__Your goal__. Word for word, restate the lines of the data below between those holding "Wanchain Price History" and "Giving blowjob and riding", inclusive; pictures do not belong in the copy.

__Data listing__.
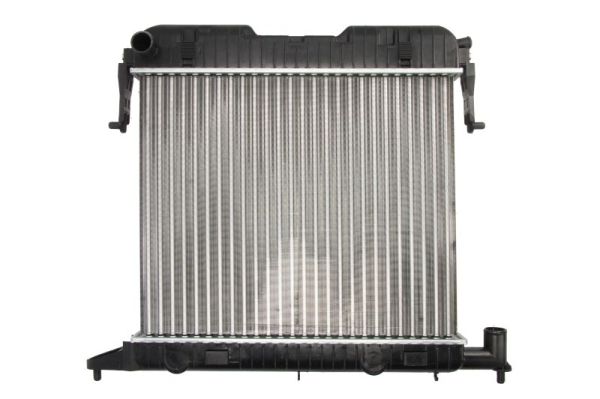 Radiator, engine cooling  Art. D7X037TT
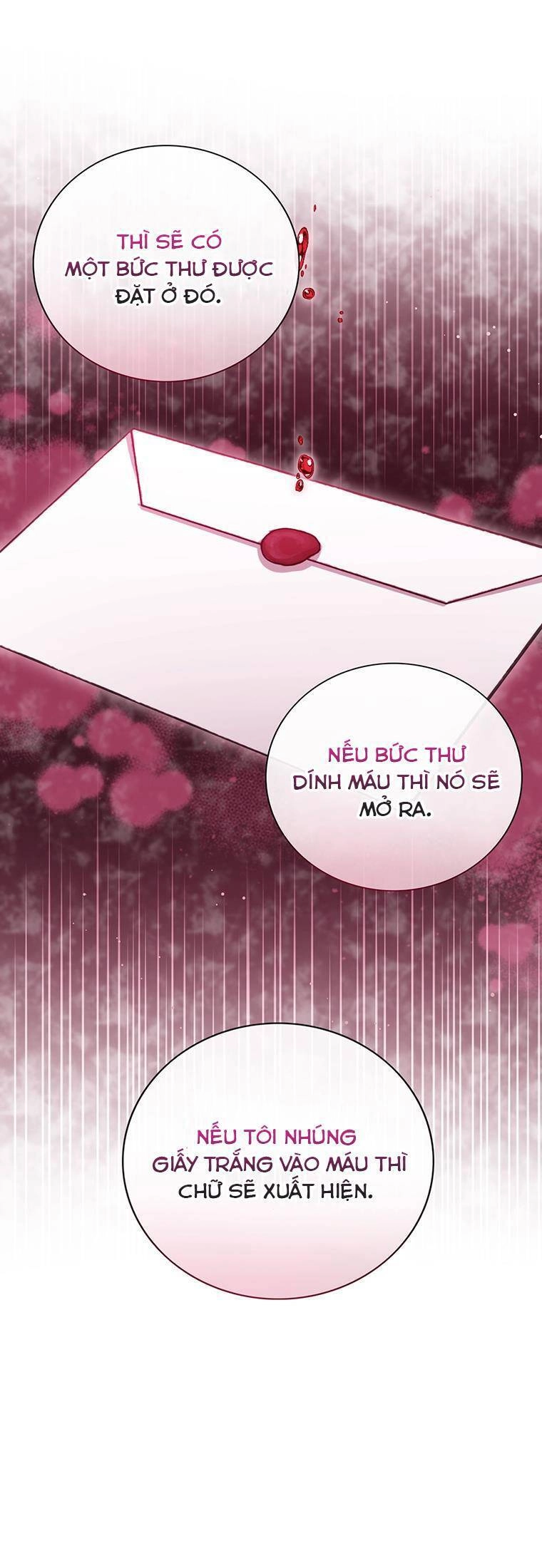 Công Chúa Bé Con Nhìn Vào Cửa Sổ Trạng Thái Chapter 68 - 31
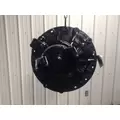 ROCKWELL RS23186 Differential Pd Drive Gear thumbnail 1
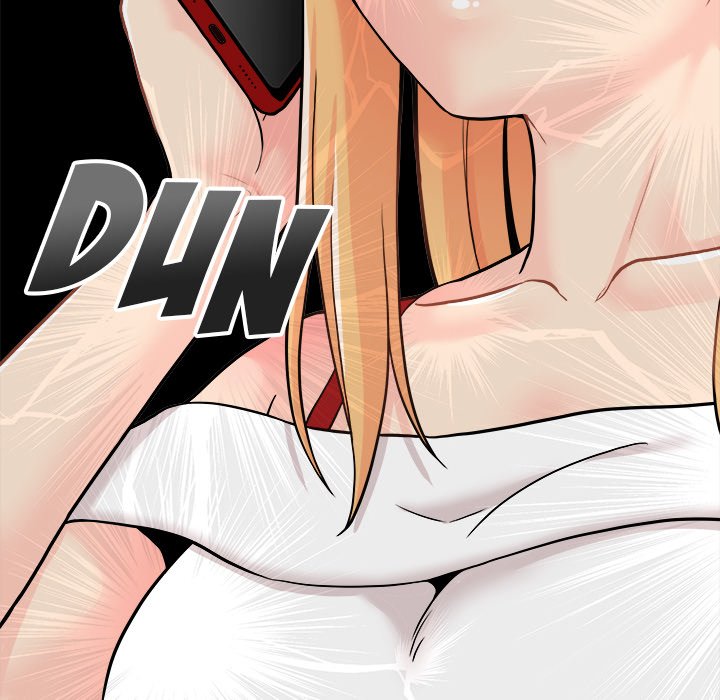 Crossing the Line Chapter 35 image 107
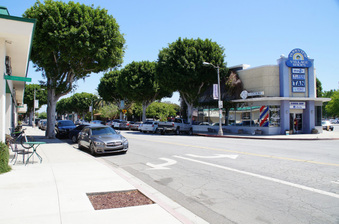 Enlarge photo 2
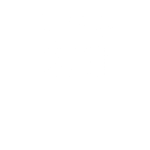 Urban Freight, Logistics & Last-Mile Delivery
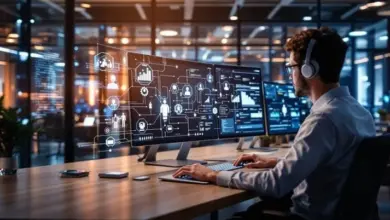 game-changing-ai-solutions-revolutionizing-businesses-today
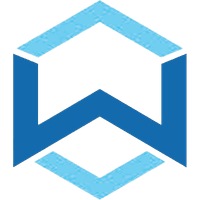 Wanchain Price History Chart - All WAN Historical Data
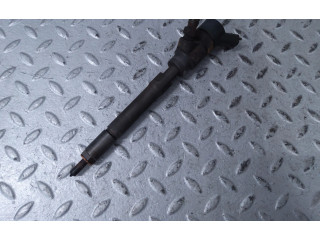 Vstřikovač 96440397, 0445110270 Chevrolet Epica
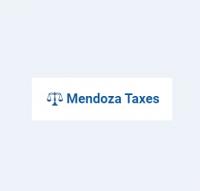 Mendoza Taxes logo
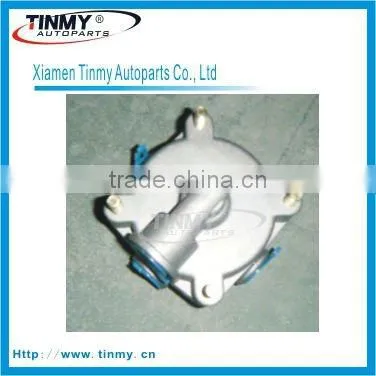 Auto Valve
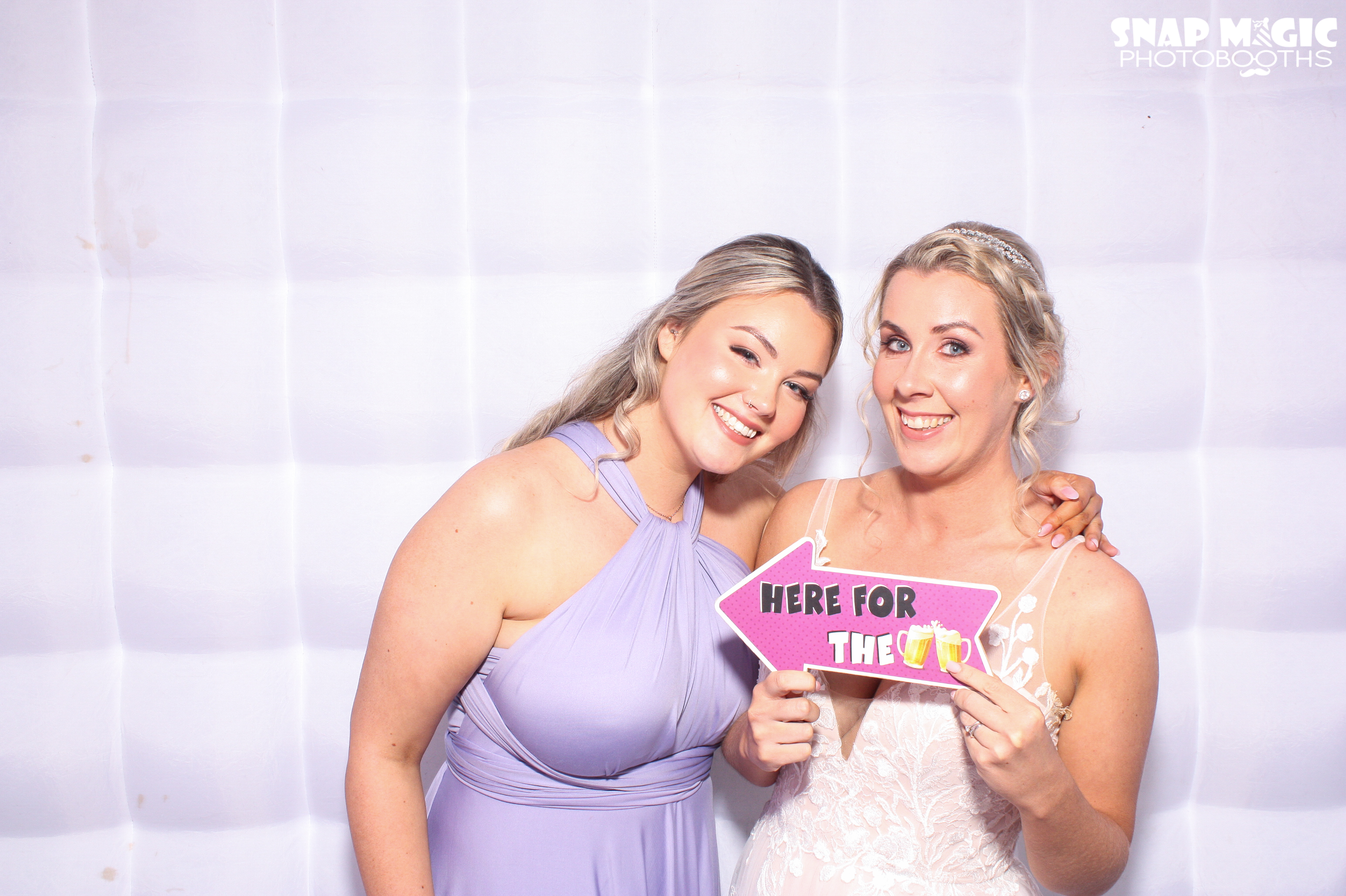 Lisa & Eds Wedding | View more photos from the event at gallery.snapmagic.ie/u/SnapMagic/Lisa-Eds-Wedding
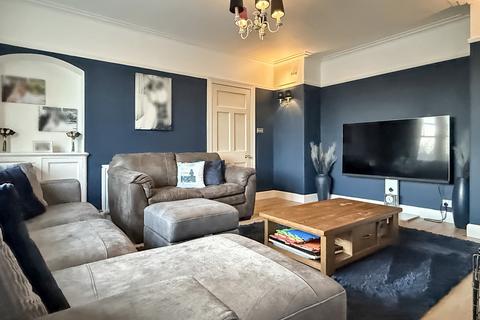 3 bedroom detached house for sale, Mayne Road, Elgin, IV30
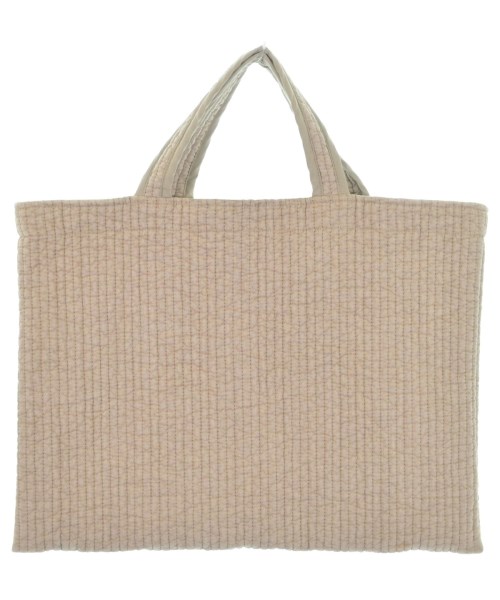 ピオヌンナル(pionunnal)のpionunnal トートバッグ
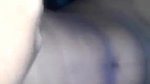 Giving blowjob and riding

---

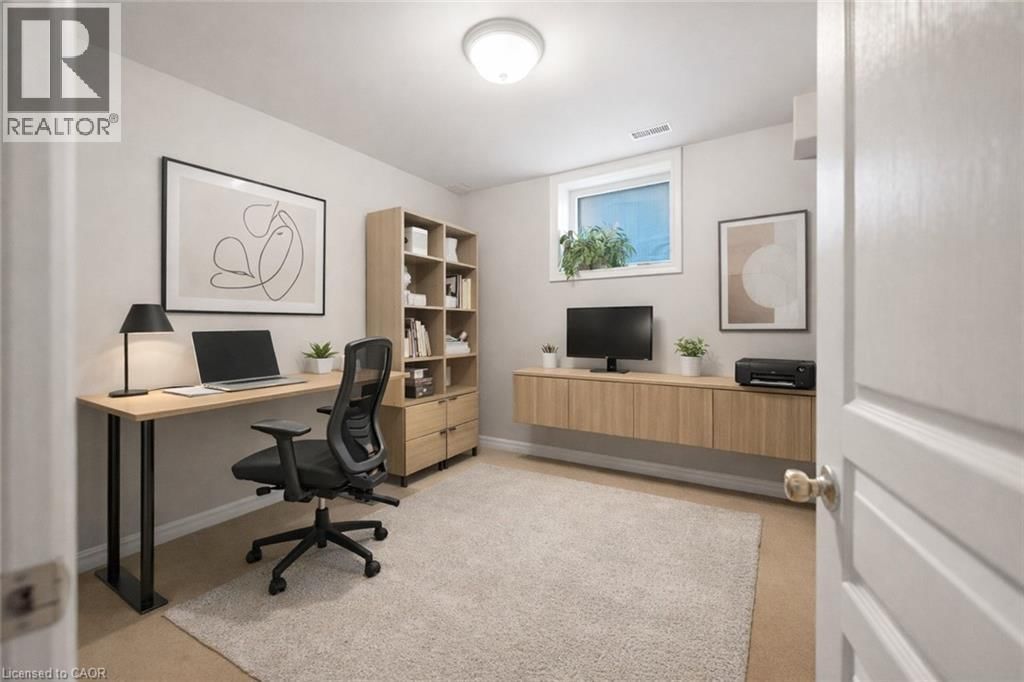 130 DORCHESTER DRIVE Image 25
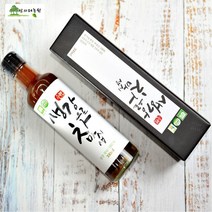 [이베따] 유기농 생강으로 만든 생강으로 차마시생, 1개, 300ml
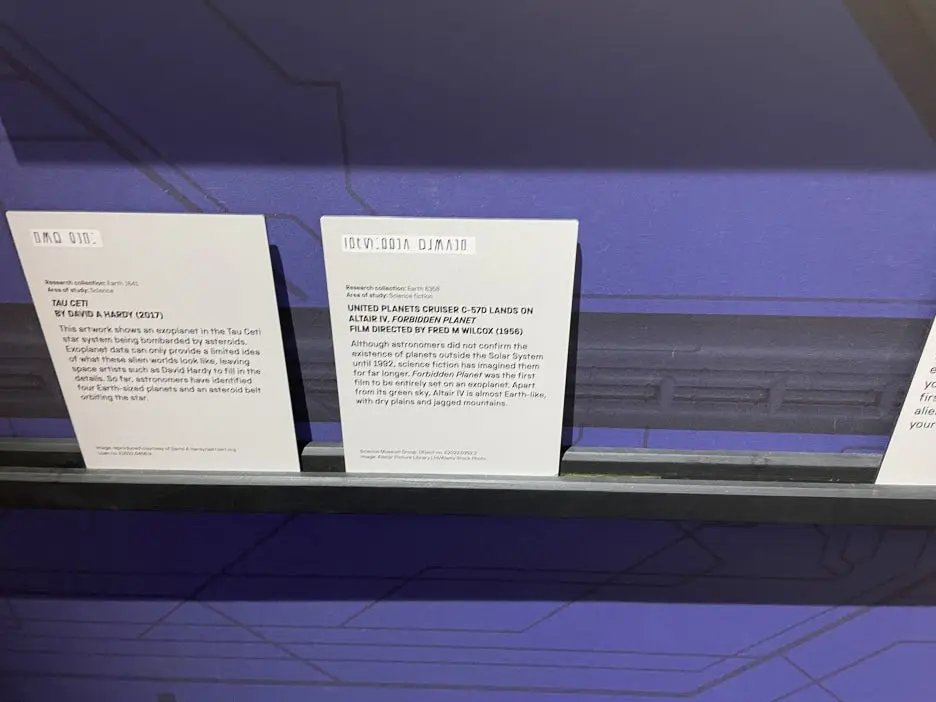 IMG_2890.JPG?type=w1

__Result__.
 Wanchain Price History Chart - All WAN Historical Data
 Vstřikovač 96440397, 0445110270 Chevrolet Epica
 Mendoza Taxes logo
 Auto Valve
 Lisa & Eds Wedding | View more photos from the event at gallery.snapmagic.ie/u/SnapMagic/Lisa-Eds-Wedding
 3 bedroom detached house for sale, Mayne Road, Elgin, IV30
 ピオヌンナル(pionunnal)のpionunnal トートバッグ
 Giving blowjob and riding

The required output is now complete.